How to complete this task >> Repeat the lines below exactly as written, please, from the line with "Winter Heart Knit Cap, Red" to the line with "Mini Crib Sheets, 2", both lines included, and no others.

** Opening Data block **

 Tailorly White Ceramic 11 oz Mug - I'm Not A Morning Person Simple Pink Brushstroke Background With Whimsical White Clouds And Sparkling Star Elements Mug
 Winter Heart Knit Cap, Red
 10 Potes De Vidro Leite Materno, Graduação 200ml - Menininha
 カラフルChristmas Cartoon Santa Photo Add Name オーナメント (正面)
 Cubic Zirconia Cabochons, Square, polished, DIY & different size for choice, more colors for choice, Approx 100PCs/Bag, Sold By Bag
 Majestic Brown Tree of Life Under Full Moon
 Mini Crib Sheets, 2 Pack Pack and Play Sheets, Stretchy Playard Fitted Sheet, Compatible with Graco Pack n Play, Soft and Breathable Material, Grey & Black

** Closing Data block **
** Opening Data block **

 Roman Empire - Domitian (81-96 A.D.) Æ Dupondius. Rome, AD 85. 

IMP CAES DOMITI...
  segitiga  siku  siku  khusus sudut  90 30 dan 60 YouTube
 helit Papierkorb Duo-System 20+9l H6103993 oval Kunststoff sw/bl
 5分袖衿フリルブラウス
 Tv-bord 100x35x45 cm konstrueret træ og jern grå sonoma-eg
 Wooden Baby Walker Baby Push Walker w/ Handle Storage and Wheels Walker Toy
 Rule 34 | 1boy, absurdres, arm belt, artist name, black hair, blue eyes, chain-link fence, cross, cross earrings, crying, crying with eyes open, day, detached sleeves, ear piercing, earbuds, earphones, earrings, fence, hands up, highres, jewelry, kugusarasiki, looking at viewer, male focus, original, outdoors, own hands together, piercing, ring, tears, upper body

** Closing Data block **

Response area >>
 Winter Heart Knit Cap, Red
 10 Potes De Vidro Leite Materno, Graduação 200ml - Menininha
 カラフルChristmas Cartoon Santa Photo Add Name オーナメント (正面)
 Cubic Zirconia Cabochons, Square, polished, DIY & different size for choice, more colors for choice, Approx 100PCs/Bag, Sold By Bag
 Majestic Brown Tree of Life Under Full Moon
 Mini Crib Sheets, 2 Pack Pack and Play Sheets, Stretchy Playard Fitted Sheet, Compatible with Graco Pack n Play, Soft and Breathable Material, Grey & Black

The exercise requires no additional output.